| TASK |
Of all the lines in the entries below, give again exactly those starting at the line containing "меф Алексин" and ending at the line containing "세종 도램마을5단지 모아엘가에코힐 엘지 휘센 시스템에어컨 설치", both ends included, and no others.

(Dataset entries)
· · · · · · ·
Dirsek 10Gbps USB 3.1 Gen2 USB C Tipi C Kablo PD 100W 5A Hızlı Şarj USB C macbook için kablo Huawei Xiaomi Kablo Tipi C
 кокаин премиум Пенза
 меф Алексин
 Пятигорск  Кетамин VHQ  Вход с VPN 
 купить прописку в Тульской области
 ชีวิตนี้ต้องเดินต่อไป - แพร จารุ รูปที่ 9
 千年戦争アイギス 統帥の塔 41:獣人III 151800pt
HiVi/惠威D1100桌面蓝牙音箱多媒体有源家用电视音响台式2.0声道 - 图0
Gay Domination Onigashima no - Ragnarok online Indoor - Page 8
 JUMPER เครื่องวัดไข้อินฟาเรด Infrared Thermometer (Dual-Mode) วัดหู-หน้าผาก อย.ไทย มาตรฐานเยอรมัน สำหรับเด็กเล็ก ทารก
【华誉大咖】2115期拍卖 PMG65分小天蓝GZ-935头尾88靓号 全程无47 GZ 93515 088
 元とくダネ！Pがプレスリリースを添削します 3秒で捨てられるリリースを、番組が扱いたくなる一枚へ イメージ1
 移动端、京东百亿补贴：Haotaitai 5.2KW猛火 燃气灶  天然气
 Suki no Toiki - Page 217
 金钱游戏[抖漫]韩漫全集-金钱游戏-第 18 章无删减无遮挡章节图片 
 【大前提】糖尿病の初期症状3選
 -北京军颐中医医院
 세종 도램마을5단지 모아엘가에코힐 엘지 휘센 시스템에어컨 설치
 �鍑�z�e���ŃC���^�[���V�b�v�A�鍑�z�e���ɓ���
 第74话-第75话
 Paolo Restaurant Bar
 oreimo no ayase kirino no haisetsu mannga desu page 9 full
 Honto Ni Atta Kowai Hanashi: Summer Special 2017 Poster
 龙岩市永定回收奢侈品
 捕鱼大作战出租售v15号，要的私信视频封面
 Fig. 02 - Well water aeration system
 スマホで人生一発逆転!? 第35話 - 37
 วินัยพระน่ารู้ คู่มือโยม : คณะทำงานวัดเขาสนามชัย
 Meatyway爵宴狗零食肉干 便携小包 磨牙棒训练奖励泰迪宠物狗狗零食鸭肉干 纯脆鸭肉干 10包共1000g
· · · · · · ·
| SOLUTION FOR THIS PROBLEM |
 меф Алексин
 Пятигорск  Кетамин VHQ  Вход с VPN 
 купить прописку в Тульской области
 ชีวิตนี้ต้องเดินต่อไป - แพร จารุ รูปที่ 9
 千年戦争アイギス 統帥の塔 41:獣人III 151800pt
HiVi/惠威D1100桌面蓝牙音箱多媒体有源家用电视音响台式2.0声道 - 图0
Gay Domination Onigashima no - Ragnarok online Indoor - Page 8
 JUMPER เครื่องวัดไข้อินฟาเรด Infrared Thermometer (Dual-Mode) วัดหู-หน้าผาก อย.ไทย มาตรฐานเยอรมัน สำหรับเด็กเล็ก ทารก
【华誉大咖】2115期拍卖 PMG65分小天蓝GZ-935头尾88靓号 全程无47 GZ 93515 088
 元とくダネ！Pがプレスリリースを添削します 3秒で捨てられるリリースを、番組が扱いたくなる一枚へ イメージ1
 移动端、京东百亿补贴：Haotaitai 5.2KW猛火 燃气灶  天然气
 Suki no Toiki - Page 217
 金钱游戏[抖漫]韩漫全集-金钱游戏-第 18 章无删减无遮挡章节图片 
 【大前提】糖尿病の初期症状3選
 -北京军颐中医医院
 세종 도램마을5단지 모아엘가에코힐 엘지 휘센 시스템에어컨 설치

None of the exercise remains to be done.